An employee can often sense when someone is not genuinely interested and there are all kinds of reasons why they will be inclined to be less helpful. The mystery shopper may have a resting bitch face. They may appear like too much of a busybody. It may creepily show in their eyes that they are sizing the employee up and judging their every move. Truth be told, there are plenty of shoppers which give off such an annoying vibe, that an employee will prefer the customer would just go away, concluding that the person’s business just may not be worth the potential hassle of future customer service issues, inevitable returned merchandise, arguments over warranty, etc.
The worst part about being preyed upon by a mystery shopper though, is the lack of recourse. The employee has no opportunity to face his/her accuser and refute the mystery shopper’s claims. The report is filed, and management accepts the account provided by the mystery shopper uncritically. It doesn’t matter if the mystery shopper was grossly exaggerating, failed to take into consideration possible context or misperceived the entire course of events.

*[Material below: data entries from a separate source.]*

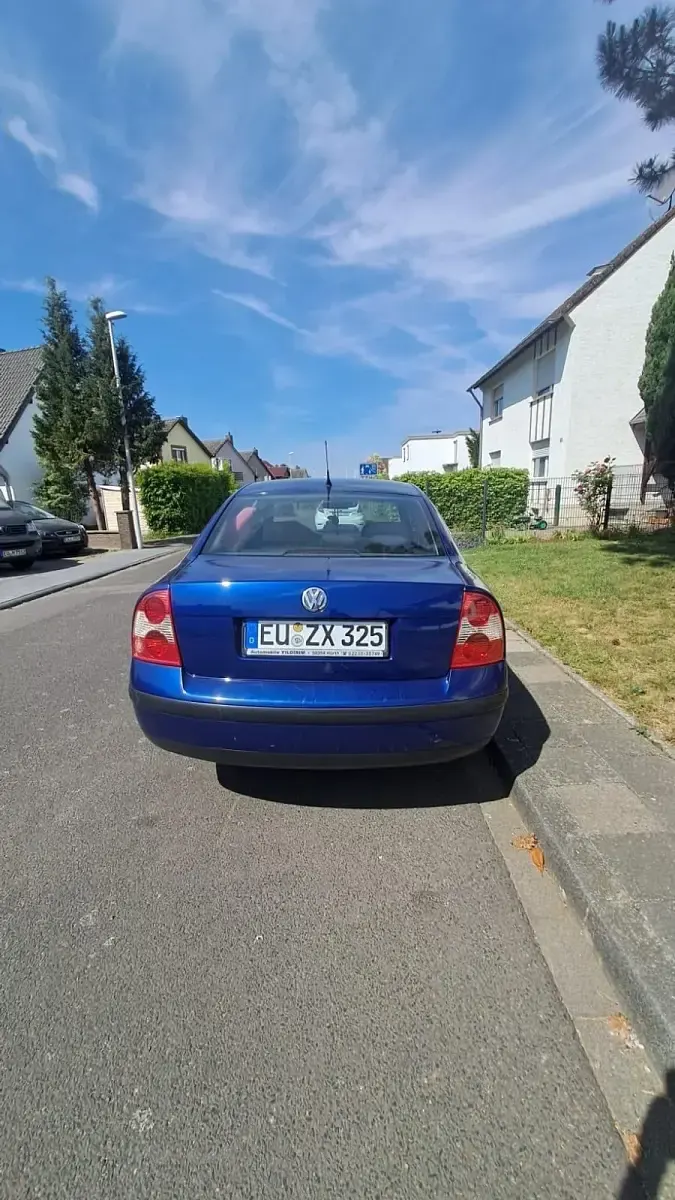 Käytetty VW Passat 115 HP (84 kW) 2001 Sininen Farmari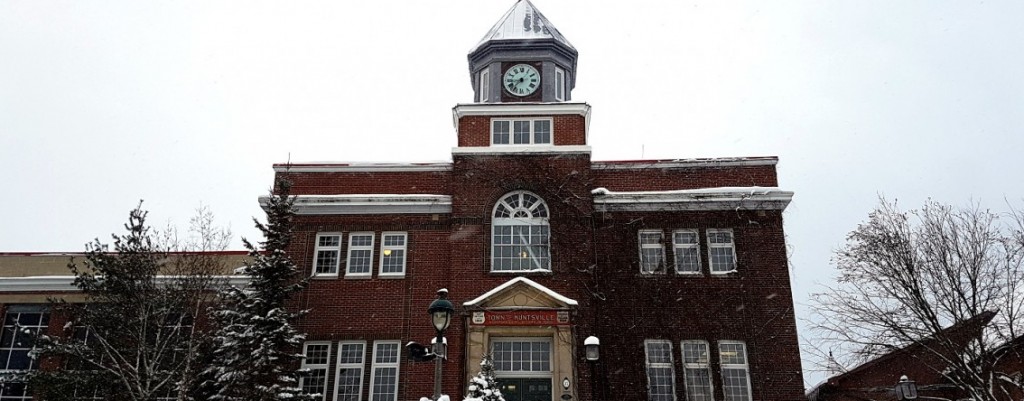 Huntsville-Town-Hall-winter-1140×542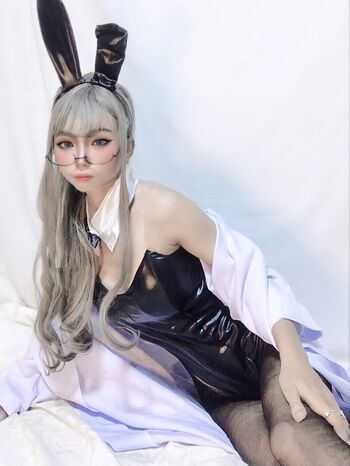 Akari_Cos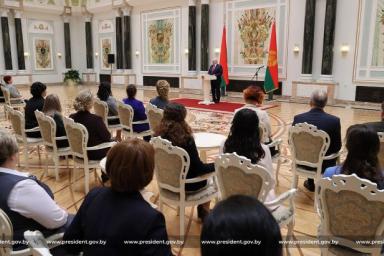 Лукашенко - женщинам: «Как бы мы ни кичились, как бы ни возводили себя в абсолют, мы все делаем ради вас»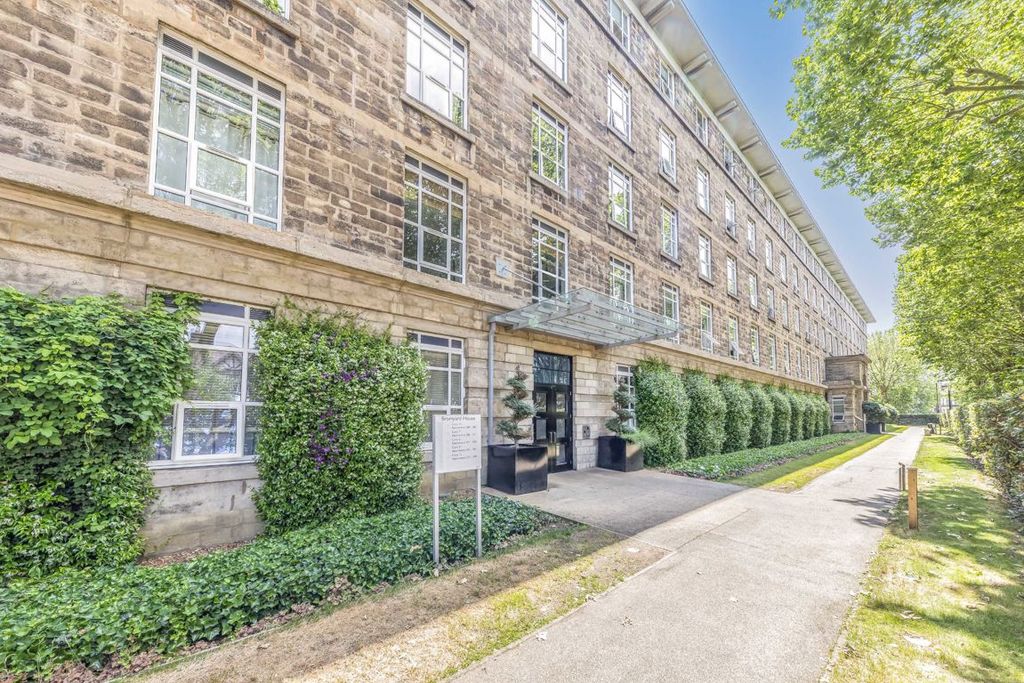 Property photo 1 of 4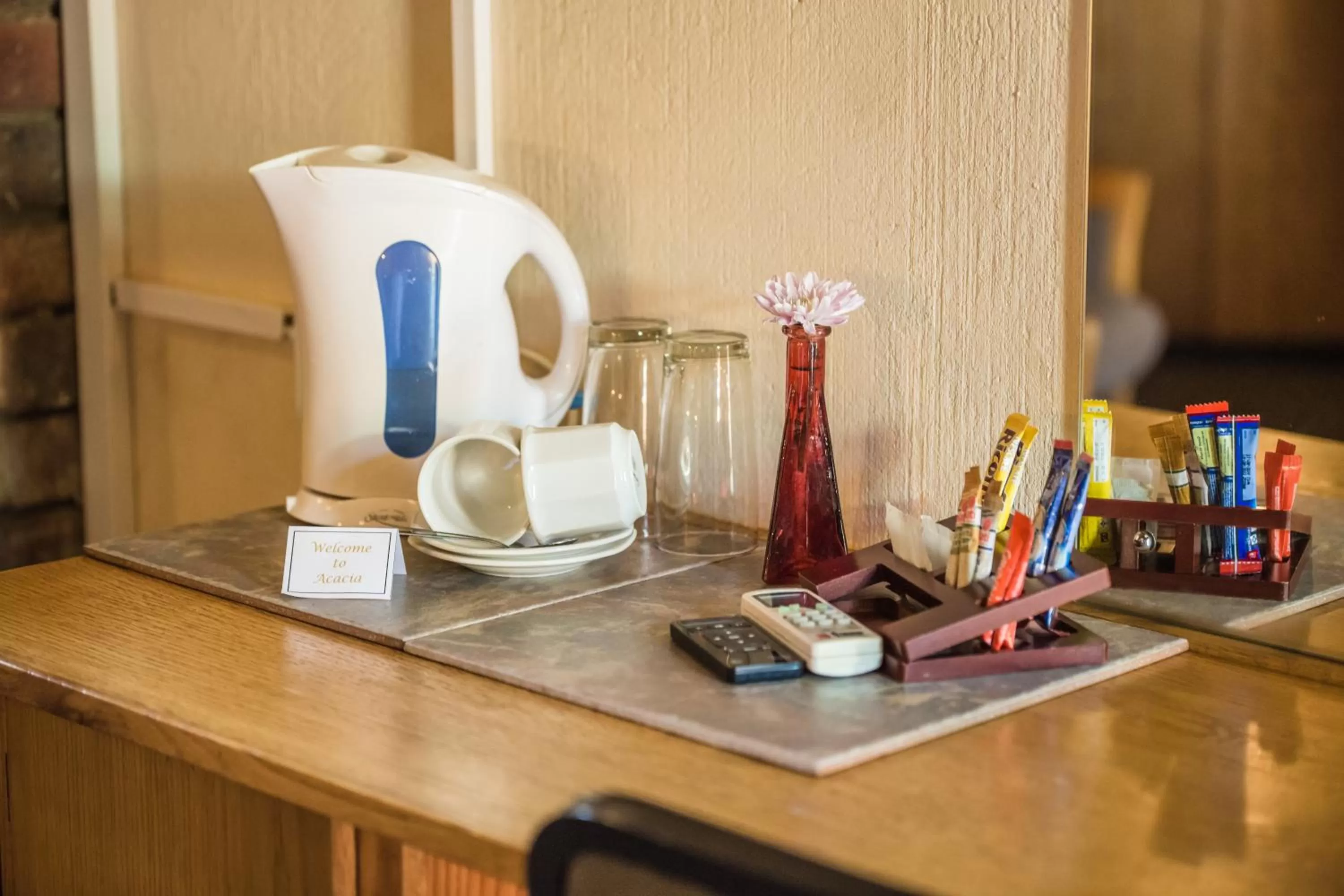 Coffee/tea facilities in Acacia Guesthouse Klerksdorp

In conclusion, mystery shoppers are among the lowest forms of humanity, right down there with people who eat chips loudly in public places. Employees do not owe them anything but scorn. Retail employees have enough to juggle with in the form of genuinely shitty and irritating customers: middle-aged women that ask to speak to the manager, aging suburban wiggers attempting to shoplift, fat white men with neck tattoos and Star Wars t-shirts that talk shit because they don’t understand purchasing etiquette in the 21st century. The last thing the retail employee needs is a fake customer, whose sole purpose is to tattletale and document behaviors from the perspective of those with dubious motives and a limited understanding of the situation on the ground.